Fever Ray’s latest album, Plunge, is both a pop-music clich and an emblem of hope


It’s a pity that perhaps the most accessible song on Fever Ray’s long awaited, second release Plunge, is also the last. What that means is that you have to wade through 10 songs, to get to ‘Mama’s Hand‘ — a track that sees Swede Karin Dreijer sing over a syncopated beat that’s overlaid with a melody that seems to consist of whistles and trills.

In the hands of almost any other artist, that combination would be one that would be hard to pull off, let alone praise and deem accessible, but Dreijer has a knack for introducing her listeners into a very specific world and worldview — both via her electronic music duo, The Knife, which she is a part of with her brother, Olof Dreijer, and on the music she makes solo, under the moniker Fever Ray. Her first, and only album as Fever Ray was released in 2009, and took The Knife’s conceptual electronica, and stripped it down to its elements, before Dreijer’s haunting vocals lent an air of claustrophobic foreboding to the whole enterprise.

'Plunge' is Fever Ray's long-awaited second release

‘Plunge’ is Fever Ray’s long-awaited second release

While Plunge doesn’t immerse the listener in a mood the way that her debut also titled Fever Ray, did, it is an enjoyable listen. Often frantic, sometimes indulgent; the album at its core is an about face from both, the Knife’s oeuvre and her 2009 release. Whereas Shaking the Habitual, the 2013 album (and most recent release) by The Knife was released with a manifesto that looked with pessimism at all that was wrong with the world, Plunge suggests a hopefully new beginning, centred on love and its healing properties. Her self-titled album made ample use of samples from nature, like the waves that end ‘If I Had a Heart‘, or the chirping and cooing birds that are used to add atmosphere to ‘Coconut‘, but on Plunge, an album that paradoxically concerns itself with love, and its place in modern society, the aural soundscape is purely synthetic, mirroring the times that we live in.

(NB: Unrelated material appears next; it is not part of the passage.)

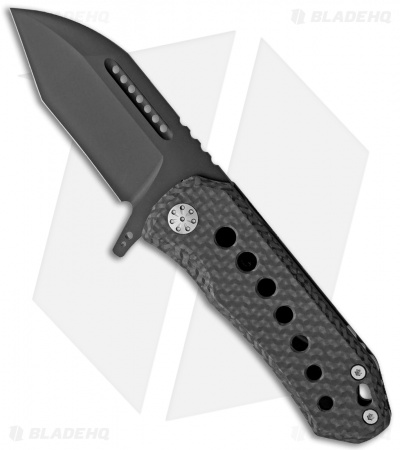 EOS Orca-S  Frame Lock Knife Carbon Fiber/Black Titanium (3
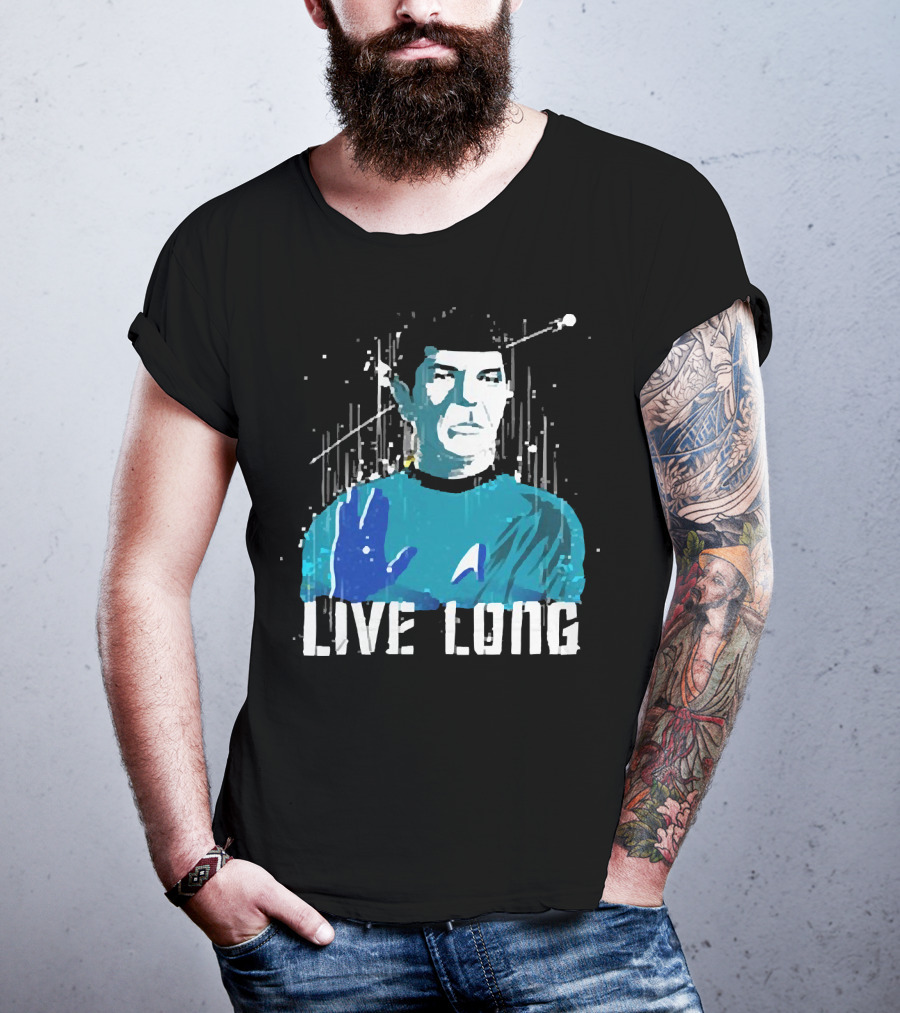 Star Trek Spock Live Long Vulcan Salute Iconic T-Shirt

Sonically, ‘Plunge‘, the instrumental title track, is vintage Fever Ray, with its trademark xylophone synths and a skittering backbone, creating the air of maniacal dread that has been a hallmark of the first album. The penultimate track, ‘An Itch’, is a forceful banger based around a jackhammering beat that wouldn’t sound out of place on the dance floor. On ‘Red Trails’, the violin (played by Sara Parkman) is used to give the feeling of being closed in on, while Dreijer intones, with her Swedish remove, “Blood was our favourite paint/ You were my favourite pain.”

It’s the frankness of the lyrics on this album that represent the biggest change in direction for Dreijer. Taking some of the bluntness of the aforementioned manifesto, the lyrics interrogate the role that love plays in the world today, and if it’s as vital in today’s world, as it used to be. Other themes that the album wrestles with are the notion of societal boundaries and lust and how gender (and gender roles) shapes it all. If that seems like an impossible ask from an album of what is essentially foreboding electronic music, it’s something that Dreijer does with aplomb. Cerebral, vivid and ideal for sloganeers, the lyrics are as hard hitting as the music.

After eight years, Plunge interrogates the time we live in. While retaining Fever Ray’s distinctive sonic cues, the album expands on the sense of foreboding that characterised the debut, to allow for some hope, in the penetrating aural soundscape, Dreijer seems to believe that ultimately love is the answer: “The final puzzle piece/This little thing called love,” is how she closes out ‘Mama’s Hand’. A pop-music cliché, emblem of hope or a little bit of both — that depends on the listener.